Thanks for your question. Definitely pay the car down as soon as possible (reasoning to follow). In fact, I would go even further and recommend the following:
- Reduce the emergency fund to a much smaller amount (say $1,000 for example), and use this to pay down the car loan immediately.
- Direct 100% of monthly free cash flow toward the remaining portion of the car loan until it is eliminated (this should be able to be done very quickly)
- Direct a portion of that free cash flow toward saving for the next car, so that you are on track to pay for the next car in cash. This money could be invested in a way that is appropriate for a short-term timeframe.
- Use remaining free cash flow to rebuild the emergency fund to a comfortable level (perhaps 3-6 months of living expenses).
- Begin/Resume investing in the Roth.
1) Make money risk free - the key here is RISK FREE. By paying down the loan now, you can avoid paying interest on the additional amount paid toward principal risk free. Imagine this scenario: if you walked into a bank and they said, "If you give us $100, we'll give you $103 back today", would you do it? That is exactly what you get to do by not paying interest on the remaining loan principal.
2) The spread you might make by investing is not as large as you may think. Let's assume that by investing, you can make a market return of 10%. However, these are future cash flows, so let's discount this for inflation to a "real" 8% return. Then let's assume that after fees and taxes this would be a 7% real after-tax return. You also have to remember that this money is at risk in the market and may not get this return in some years.
Assuming that your friend's average tax rate on earned income is 25%, this means that he'd need to earn $400 pre-tax to pay the after-tax payment of $300. So this is a 4% risk-free return after tax compared to a 7% average after tax return from the market, but one where the return is at risk. The equivalent after-tax risk-free return from the market (think T-Bills) is much lower than 7%.
You are also reducing risk by paying the car loan off first in a few other ways, which is a great way to increase peace of mind.

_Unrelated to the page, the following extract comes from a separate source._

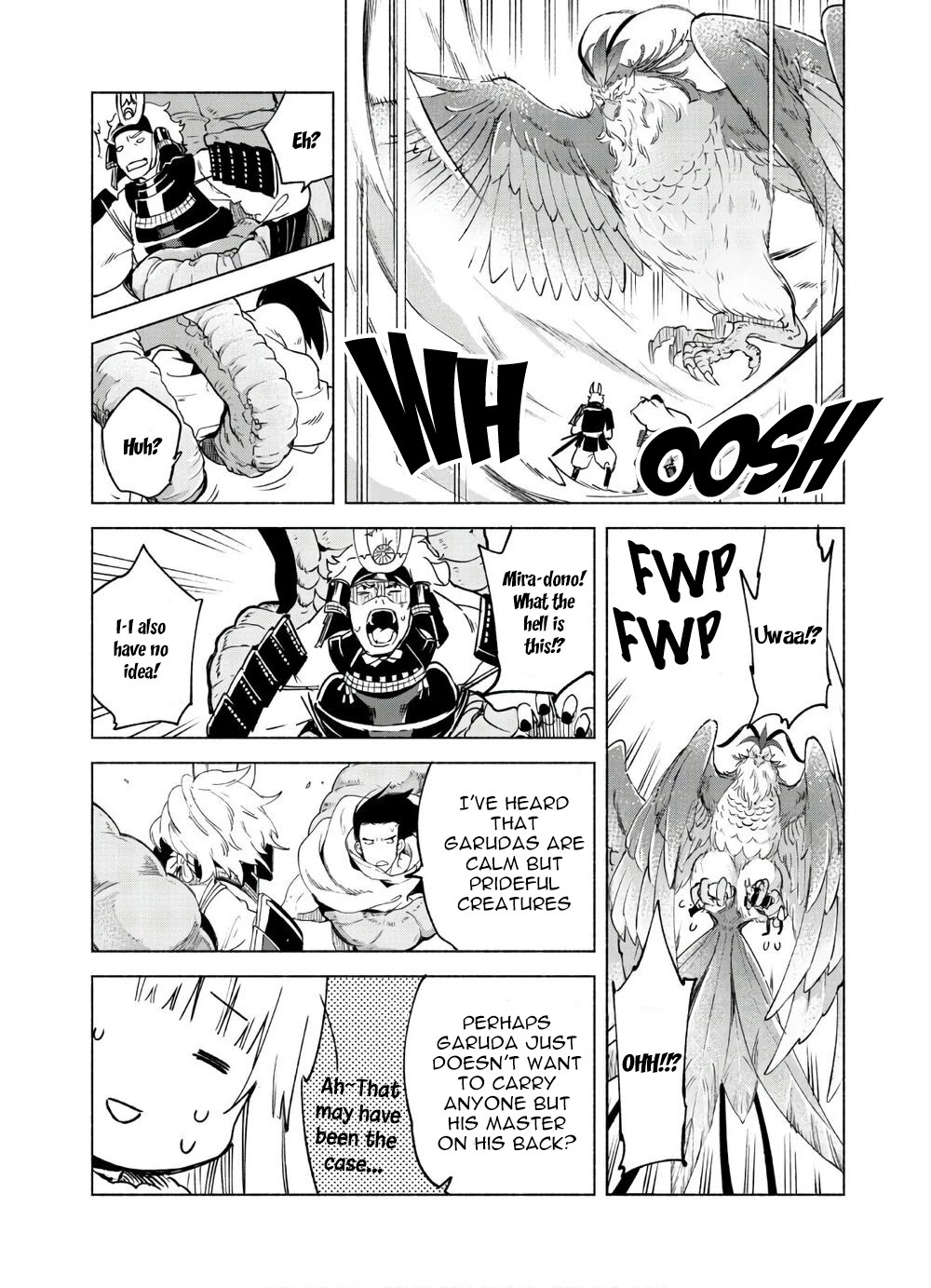 Kenja no Deshi wo Nanoru Kenja chapter 47 page 7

First, since cars decline in value over time, you are minimizing the possibility that you will eventually end up "under water" on the loan, where the loan balance is greater than the value of the car. This also gives you more flexibility in terms of being able to sell the car at any point if desired.
Additionally, if the car breaks down and must be replaced, you would not need to continue making payments on the old loan, of if your friend loses his job, he would own the car outright and would not need to make payments.
Finally, ideally you would only be investing in the market when you intend to leave the money there for 5+ years. Otherwise, you might need to pull money out of the market at a bad time. Remember, annual market returns vary quite a bit, but over 5-10 year periods, they are much more stable. Unfortunately, most people don't keep cars 5-10+ years, so you are likely to need the money back for another car more frequently than this. If you are pulling money out of the market every 5-10 years, you are more likely to need to pull money out at a bad time.
3) Killing off the "buy now, pay later" mindset will result in long-term financial benefits. Stop paying interest on things that go down in value. Save up and buy them outright, and invest the extra money into things that generate income/dividends. This is a good long-term habit to have. People also tend to be more prudent when considering the total cost of a purchase rather than just the monthly payment because it "feels" like more money when you buy outright.
As a gut check for whether this is a good idea, here is an example that Dave Ramsey likes to use: Suppose that your friend did not have the emergency fund, and also did not have the car loan and owned the car outright. In that case, would your friend take out a title loan on the car in order to have an emergency fund? I think that a lot of people would say no, which may be a good indicator that it is wise to reduce the emergency fund in order to wipe out the debt, rather than maintaining both.